Backlogs of History - Cullen Murphy
I subscribe to the following magazines: New Yorker, Lapham's Quarterly, Mutineer, Imbibe, and Esopus. Not included are the magazines that my wife receives. And I am considering subscribing to Blue Canvas and The Sun. When I subscribe to a magazine, I do not discard the back issues. You can imagine the stack of New Yorker issues.
I'm also an avid reader of comic books and graphic novels, those written for adults. And I keep most, if not all, of those issues.
How do I store them? I have them professionally bound into either hardcover or softcover books. This destroys their value as individual issues of the magazine, but it makes the collection more portable, easier to read, and longer lasting. (In case you are a fan of the magazine, I assure you that I do not bind the inventive, avant-garde Esopus. If you are a--reader is not the right word--devotee, enthusiast, of this magazine, then you will understand. There is nothing quite like it out there. Tod Lippy is phenomenal.)
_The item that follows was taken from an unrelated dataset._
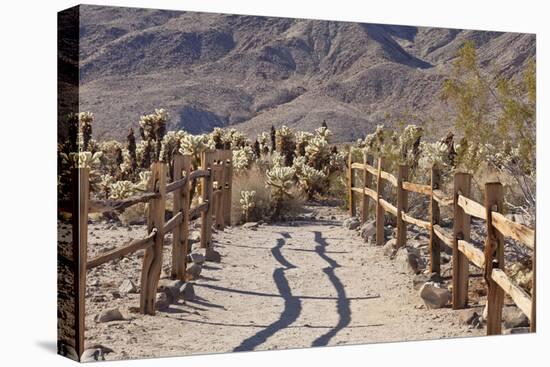 Trail into the Cholla Cactus Garden, Joshua Tree NP, California, USA-Jaynes Gallery-Premier Image Canvas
It's expensive for sure. I'm crazy enough to consider doing it for the NYT Magazine starting with 2010. I need to be surrounded with my consumed words and images. Why? What is this need to collect and hoard and organize?
It seems that it is cultural. Cullen Murphy wonders what the impact of this obsession with record-keeping and document storage will have on future generations of historians. With technology readily enabling not only the creation but the capture of bajillions of bytes of data, how will we sort through it. As he says, it might not be so bad if you know specifically what you are looking to find, but if you are browsing or doing research, what are the chances of getting complete information?
Mr. Murphy observes that historians have to make their areas of study narrower and narrower in order to even have a chance at reviewing all of the available material. Some historians have resorted to sampling data.
It would seem that as long as we keep creating written records (and sound recordings) and the technology keeps improving to store them, we can spend lifetimes exploring other lifetimes. What will that do to our ability to move forward? If it takes a lifetime to read through a lifetime, when do we find time to live and create?
My guess is that the answer will be technological. This will sound ridiculous, but I believe we will discover better ways of organizing and retrieving information and we will find a way to integrate this information with our brains. Think of it as a super-Google immediately accessible by the human brain.
It'll happen. Or maybe I should stop sampling the recipes in Mutineer and Imbibe and then writing in this blog.